= EXERCISE OBJECTIVE =
Wherever a picture appears, leave it out, and transcribe the rest of the records exactly.

= SUPPLIED INFORMATION =
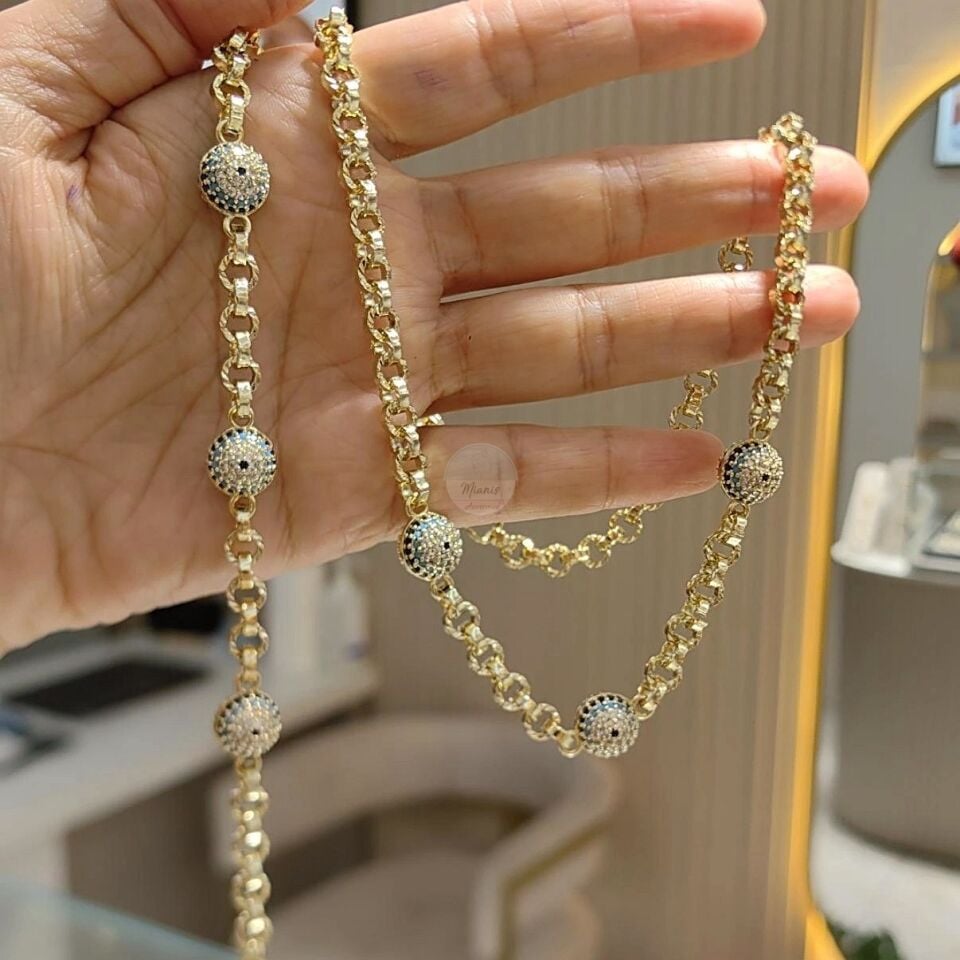 14K ALTIN KAPLAMA NAZAR SET
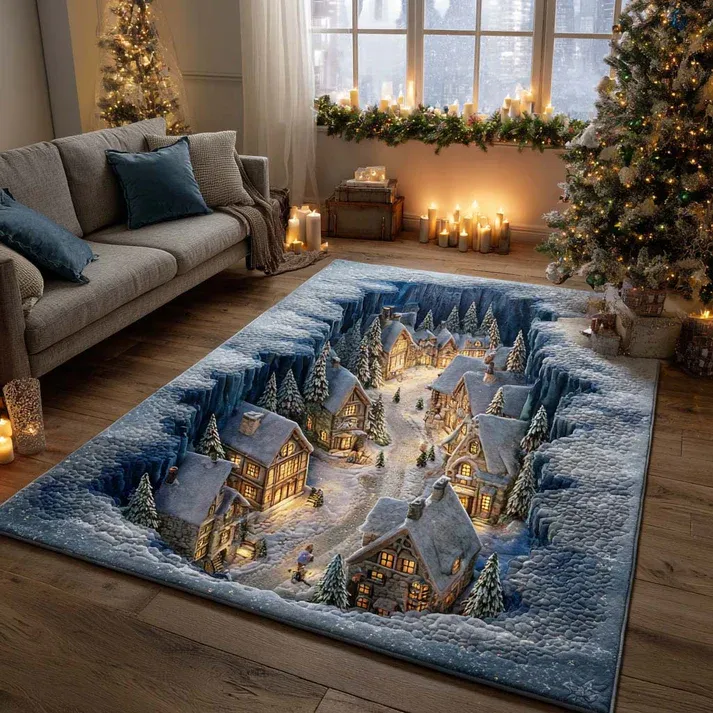 Frosted Village Area Rug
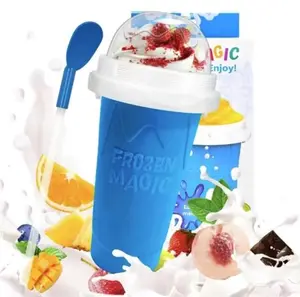 350ml Frozen Magic Slushie Maker Cup for Kids & AdultsMagic Squeeze DIY Frozen Drink Reusable IceeMaker Quick Freeze Slushy Cup with Straw SpoonFun Summer Kitchen Gadget for Home or Travel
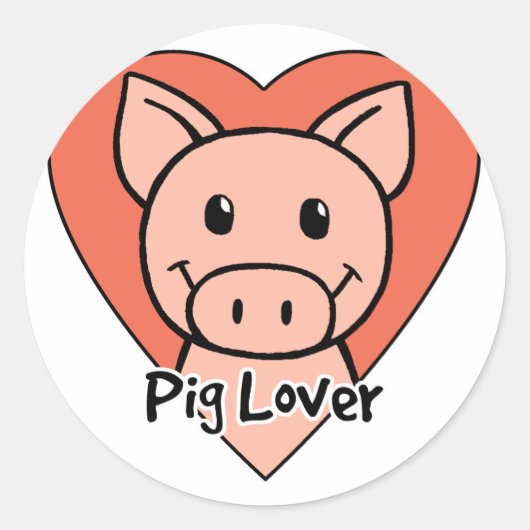 Sticker Rond Pig lover (Devant)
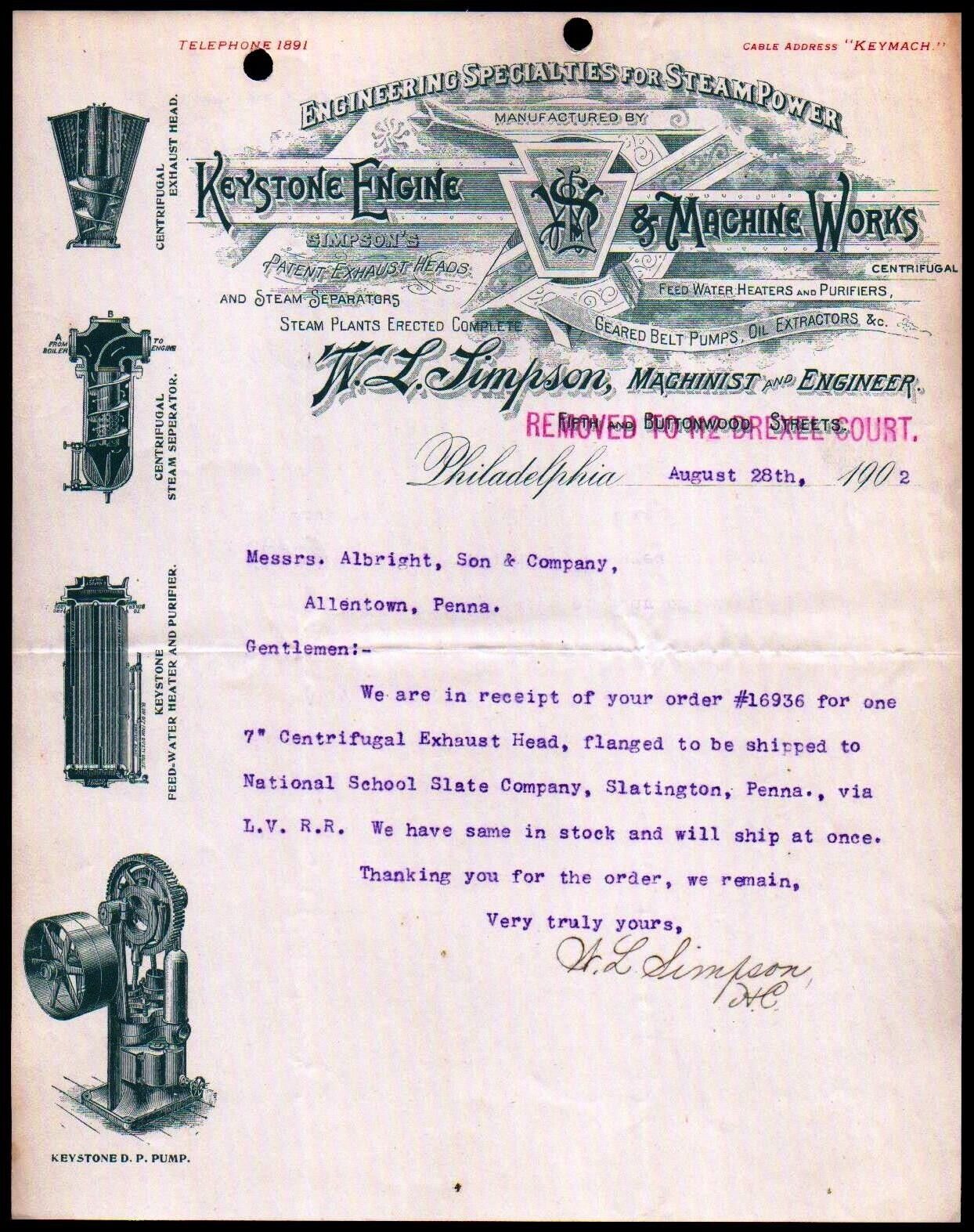 1902 Philadelphia - Keystone Engine & Machine Works - W L Simpson - Letter Head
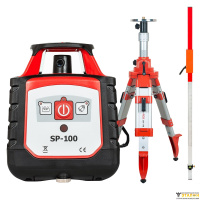 Комплект: ротационный нивелир RGK SP-100 с калибровкой + штатив RGK SH-170 рейка RGK LR-2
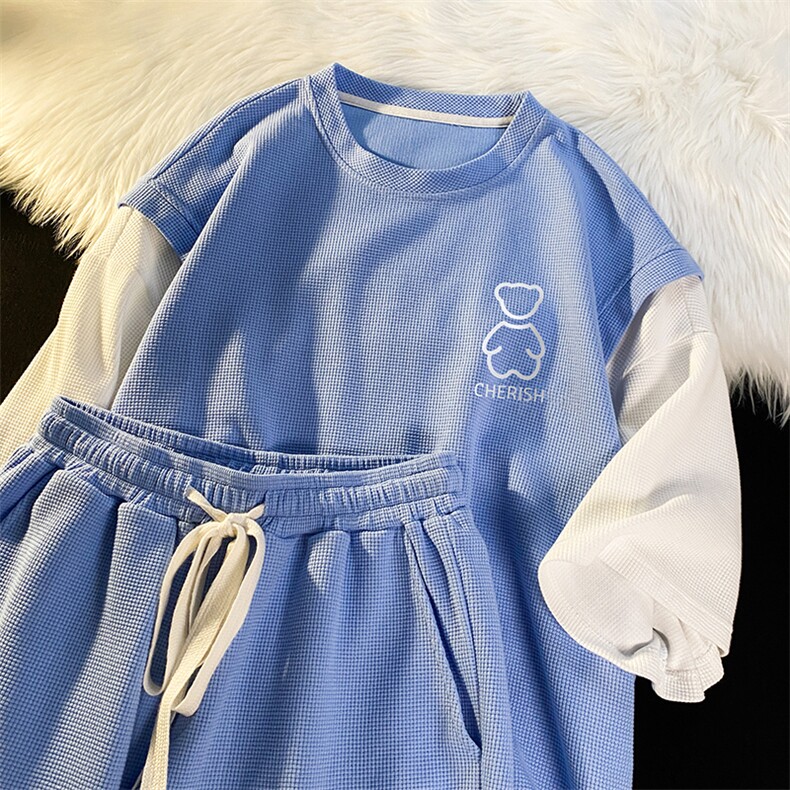 平铺2023夏季新款华夫格拼接假两件运动休闲套装TZ622p75控98，男装休闲套装，电商A247-1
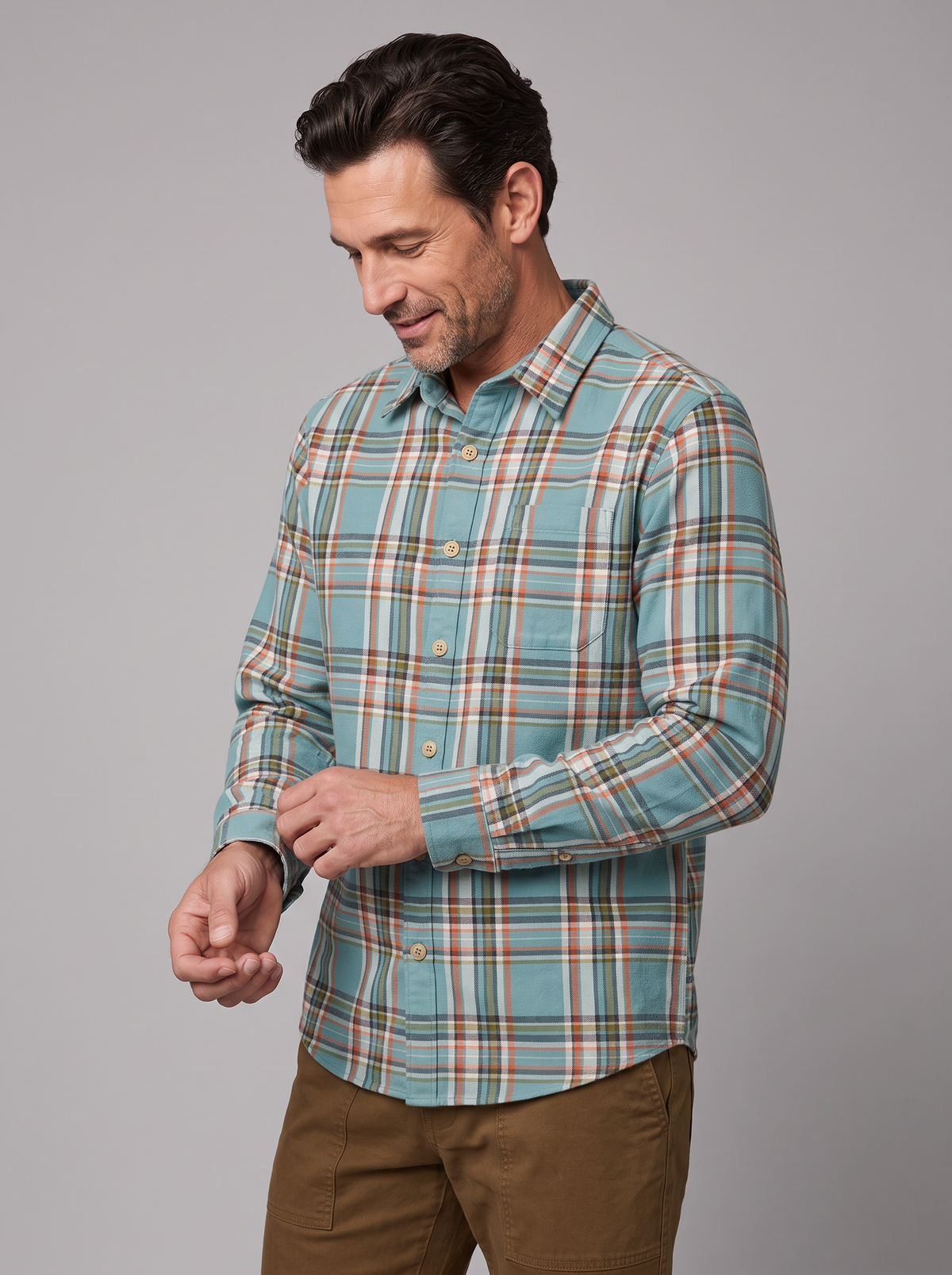 Men's Flannel Shirt – Classic Fit Check Shirt in Soft Cotton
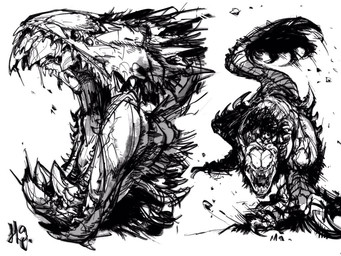 ambiguous_gender bodily_fluids claws debris fangs feral leg_spikes looking_at_viewer multiple_poses open_mouth pose saliva simple_background solo spikes spikes_(anatomy) tail tail_motion tailwag teeth tongue_showing white_background chiayeeee aquatic dunkleosteus fish placoderm prehistoric_species 2019 4:3 digital_drawing_(artwork) digital_media_(artwork) greyscale headshot_portrait monochrome portrait signature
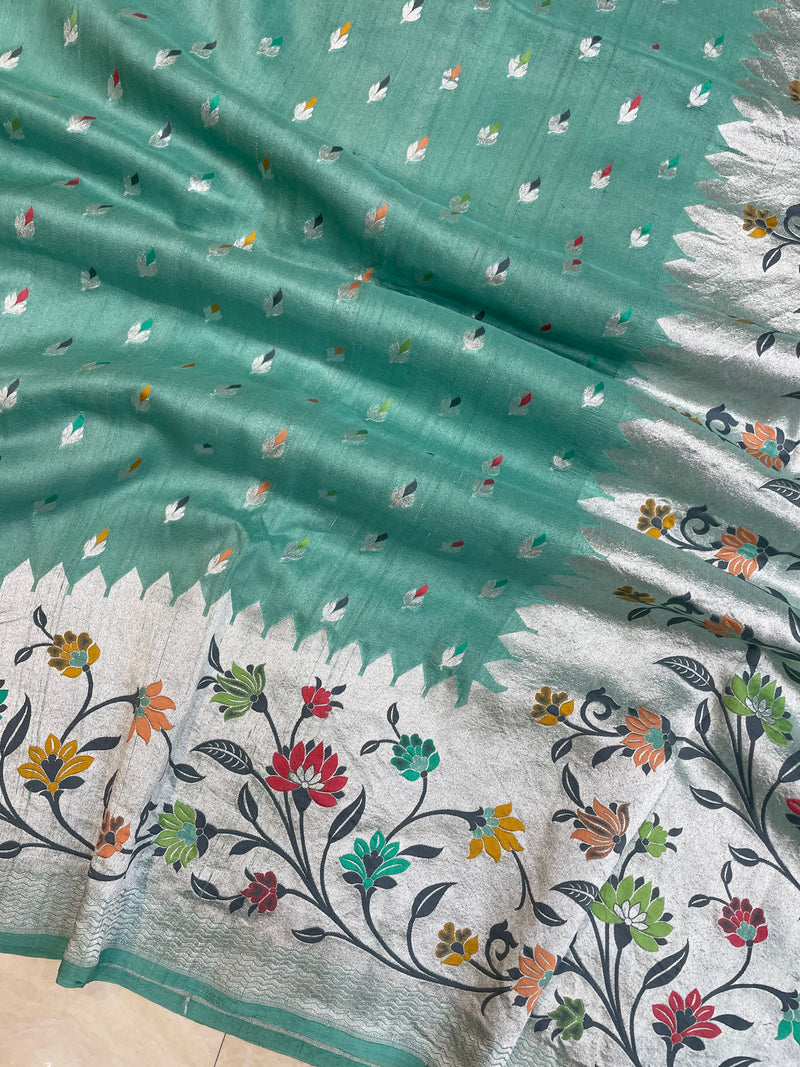 Pure Tussar Georgette Handloom Banarasi Saree - Tilfi - The Handlooms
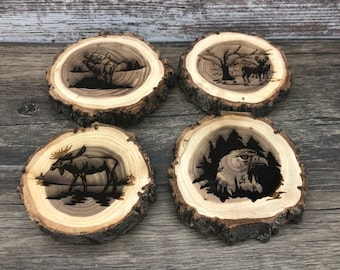 Wildlife Engraved Wooded Coasters- Set of Four - Variety Pack -  Eagle, Moose, Elk, and Deer - Old West Log Coasters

= RESULT OF THIS TASK =
 14K ALTIN KAPLAMA NAZAR SET
 Frosted Village Area Rug
 350ml Frozen Magic Slushie Maker Cup for Kids & AdultsMagic Squeeze DIY Frozen Drink Reusable IceeMaker Quick Freeze Slushy Cup with Straw SpoonFun Summer Kitchen Gadget for Home or Travel
 Sticker Rond Pig lover (Devant)
 1902 Philadelphia - Keystone Engine & Machine Works - W L Simpson - Letter Head
 Комплект: ротационный нивелир RGK SP-100 с калибровкой + штатив RGK SH-170 рейка RGK LR-2
 平铺2023夏季新款华夫格拼接假两件运动休闲套装TZ622p75控98，男装休闲套装，电商A247-1
 Men's Flannel Shirt – Classic Fit Check Shirt in Soft Cotton
 ambiguous_gender bodily_fluids claws debris fangs feral leg_spikes looking_at_viewer multiple_poses open_mouth pose saliva simple_background solo spikes spikes_(anatomy) tail tail_motion tailwag teeth tongue_showing white_background chiayeeee aquatic dunkleosteus fish placoderm prehistoric_species 2019 4:3 digital_drawing_(artwork) digital_media_(artwork) greyscale headshot_portrait monochrome portrait signature
 Pure Tussar Georgette Handloom Banarasi Saree - Tilfi - The Handlooms
 Wildlife Engraved Wooded Coasters- Set of Four - Variety Pack -  Eagle, Moose, Elk, and Deer - Old West Log Coasters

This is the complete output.